Note: It was not just Abraham’s fatherly affection that was tested here. As the fulfillment of the promise to Abraham, Isaac embodied the promise of salvation through Jesus Christ, the Seed. The promise had been very explicit, “In Isaac shall thy seed be called,” and that seed was first of all Christ. See Galatians 3:16.

7. In offering Isaac, what did Abraham believe God able to do?

Hebrews 11:17–19
Hebrews 11:17–19

Note: The whole thing, from first to last, involved the resurrection of the dead. Abraham had once, through consenting to follow his wife’s counsel, failed to trust God’s power to bring him a son from the dead (see Romans 4:19), but he had repented of that failure. It was necessary, however, that he be tested on that point again, that, as the father of the faithful, his faith might be shown to be perfect.
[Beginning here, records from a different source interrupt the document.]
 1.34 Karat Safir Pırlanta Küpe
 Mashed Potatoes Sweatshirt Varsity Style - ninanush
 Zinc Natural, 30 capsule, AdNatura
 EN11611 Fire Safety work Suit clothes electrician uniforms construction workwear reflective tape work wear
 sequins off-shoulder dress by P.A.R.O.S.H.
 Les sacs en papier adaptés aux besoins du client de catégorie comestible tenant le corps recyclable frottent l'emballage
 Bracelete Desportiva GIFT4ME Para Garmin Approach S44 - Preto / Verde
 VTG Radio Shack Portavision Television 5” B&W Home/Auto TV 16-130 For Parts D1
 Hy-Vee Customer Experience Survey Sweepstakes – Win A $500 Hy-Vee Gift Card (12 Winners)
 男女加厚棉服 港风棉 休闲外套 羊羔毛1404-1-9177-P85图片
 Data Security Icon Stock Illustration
The Messiah, the Seed through which all the blessings were to come to men, was to be born of Isaac’s line. Isaac was to be cut off without an heir. Yet Abraham had such confidence in the life and power of the word of the Lord, that he believed it would fulfill itself. He believed the Messiah who was to come of Isaac’s line, and whose death alone could make possible the resurrection, though He had not yet come into the world, had power to raise up Isaac from the dead, in order that the promise might be fulfilled, and He might yet be born into the world. Greater faith than this cannot exist.

8. What did Abraham tell the two young men with whom they left the ass?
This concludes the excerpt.